(Brief descriptive captions)
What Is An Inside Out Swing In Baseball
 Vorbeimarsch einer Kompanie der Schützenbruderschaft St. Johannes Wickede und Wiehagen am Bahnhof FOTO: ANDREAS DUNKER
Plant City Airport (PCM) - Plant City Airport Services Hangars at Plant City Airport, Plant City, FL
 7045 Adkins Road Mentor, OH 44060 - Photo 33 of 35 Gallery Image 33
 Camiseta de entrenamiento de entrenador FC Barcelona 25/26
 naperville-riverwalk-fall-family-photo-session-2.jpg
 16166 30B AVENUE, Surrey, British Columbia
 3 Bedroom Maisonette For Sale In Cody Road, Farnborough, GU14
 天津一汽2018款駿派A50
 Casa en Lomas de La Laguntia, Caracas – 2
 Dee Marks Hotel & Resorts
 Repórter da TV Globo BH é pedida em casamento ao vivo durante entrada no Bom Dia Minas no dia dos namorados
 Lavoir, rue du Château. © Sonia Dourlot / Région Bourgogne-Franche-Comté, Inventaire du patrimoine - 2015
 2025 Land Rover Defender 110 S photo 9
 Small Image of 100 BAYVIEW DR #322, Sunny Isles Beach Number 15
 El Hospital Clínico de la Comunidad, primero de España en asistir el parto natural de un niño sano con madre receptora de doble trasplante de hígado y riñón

--- What this task involves ---
Your output must be an exact copy of every entry.

--- Answer for the task ---
What Is An Inside Out Swing In Baseball
 Vorbeimarsch einer Kompanie der Schützenbruderschaft St. Johannes Wickede und Wiehagen am Bahnhof FOTO: ANDREAS DUNKER
Plant City Airport (PCM) - Plant City Airport Services Hangars at Plant City Airport, Plant City, FL
 7045 Adkins Road Mentor, OH 44060 - Photo 33 of 35 Gallery Image 33
 Camiseta de entrenamiento de entrenador FC Barcelona 25/26
 naperville-riverwalk-fall-family-photo-session-2.jpg
 16166 30B AVENUE, Surrey, British Columbia
 3 Bedroom Maisonette For Sale In Cody Road, Farnborough, GU14
 天津一汽2018款駿派A50
 Casa en Lomas de La Laguntia, Caracas – 2
 Dee Marks Hotel & Resorts
 Repórter da TV Globo BH é pedida em casamento ao vivo durante entrada no Bom Dia Minas no dia dos namorados
 Lavoir, rue du Château. © Sonia Dourlot / Région Bourgogne-Franche-Comté, Inventaire du patrimoine - 2015
 2025 Land Rover Defender 110 S photo 9
 Small Image of 100 BAYVIEW DR #322, Sunny Isles Beach Number 15
 El Hospital Clínico de la Comunidad, primero de España en asistir el parto natural de un niño sano con madre receptora de doble trasplante de hígado y riñón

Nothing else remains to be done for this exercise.